In the records below, the line with "3101 Townbluff Dr APT 212, Plano, TX 75075" and every line after it must be written out exactly; no pictures belong in the result.

Crawled caption data:
- - - - - - -

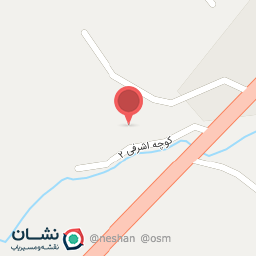 عکس بازرگانی شفق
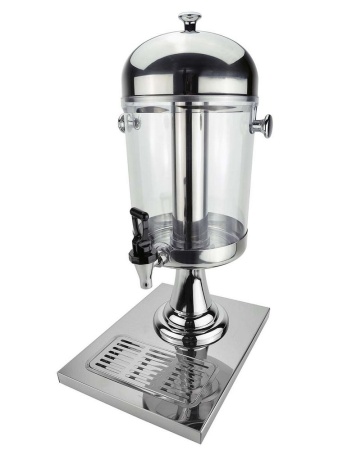 Диспенсер напитков Viatto SJD08AA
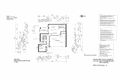 Property photo of 8D Myimbar Way Nollamara WA 6061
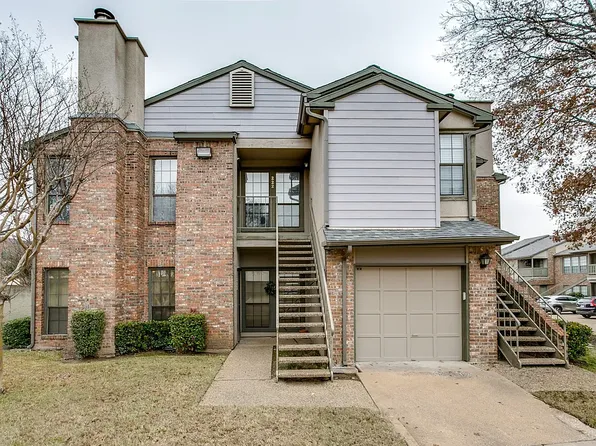 3101 Townbluff Dr APT 212, Plano, TX 75075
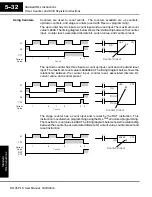 Предварительный просмотр 192 страницы AutomationDirect DL105 User Manual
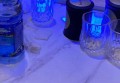 中科核酸招聘文案（探索生命奥秘，共筑核酸研究新篇章——中科核酸诚邀英才加盟）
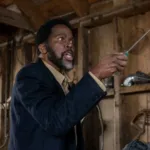 From saison 4 : un teaser inquiétant annonce le retour de la série le 19 avril sur Paramount+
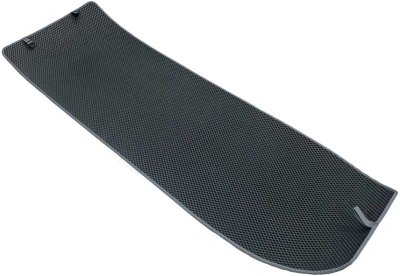 Коврик EVA Хантер 320 ЛКА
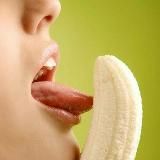 Логотип @sexpornvideosfunny - 💋Секси порно видео приколы💋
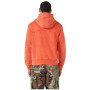 Sweat-shirt homme Champion Hooded Sweatshirt M Champion Laundry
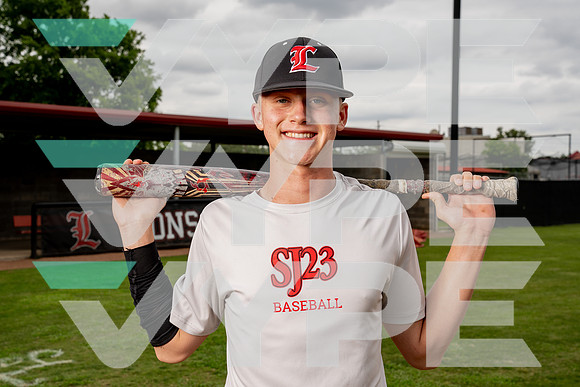 SJ23_BSBL-(HINSON)-34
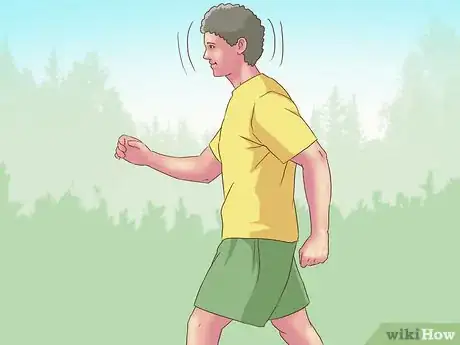 Image titled Do Off‐Balance Exercise Step 13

- - - - - - -

* _Exercise solution_
 3101 Townbluff Dr APT 212, Plano, TX 75075
 Предварительный просмотр 192 страницы AutomationDirect DL105 User Manual
 中科核酸招聘文案（探索生命奥秘，共筑核酸研究新篇章——中科核酸诚邀英才加盟）
 From saison 4 : un teaser inquiétant annonce le retour de la série le 19 avril sur Paramount+
 Коврик EVA Хантер 320 ЛКА
 Логотип @sexpornvideosfunny - 💋Секси порно видео приколы💋
 Sweat-shirt homme Champion Hooded Sweatshirt M Champion Laundry
 SJ23_BSBL-(HINSON)-34
 Image titled Do Off‐Balance Exercise Step 13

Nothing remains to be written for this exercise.